### Directions
Transcribe the listing verbatim, please, with images dropped.

### Source material
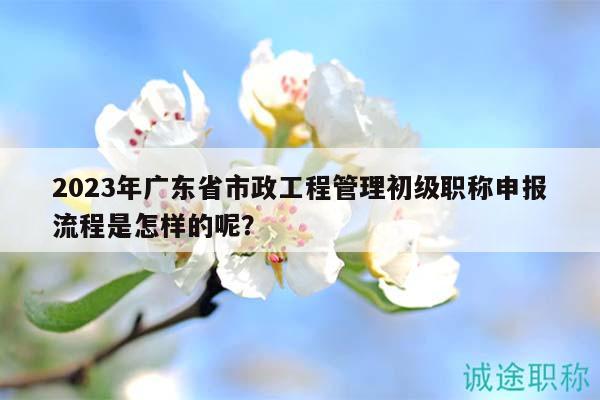 2023年廣東省市政工程管理初級職稱申報流程是怎樣的呢？
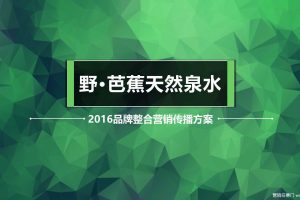野·芭蕉天然泉水2016年品牌整合营销传播方案（PPT）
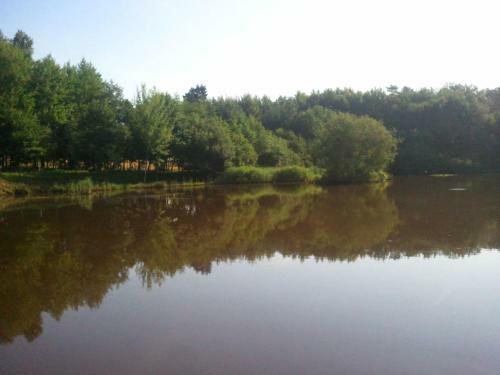 Bed & Breakfast Vosges Chambres D'hotes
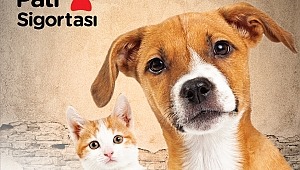 Pati Sigortası trafik kazasından kalp krizine dek pek çok riski kapsıyor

### Task solution
 2023年廣東省市政工程管理初級職稱申報流程是怎樣的呢？
野·芭蕉天然泉水2016年品牌整合营销传播方案（PPT）
 Bed & Breakfast Vosges Chambres D'hotes
 Pati Sigortası trafik kazasından kalp krizine dek pek çok riski kapsıyor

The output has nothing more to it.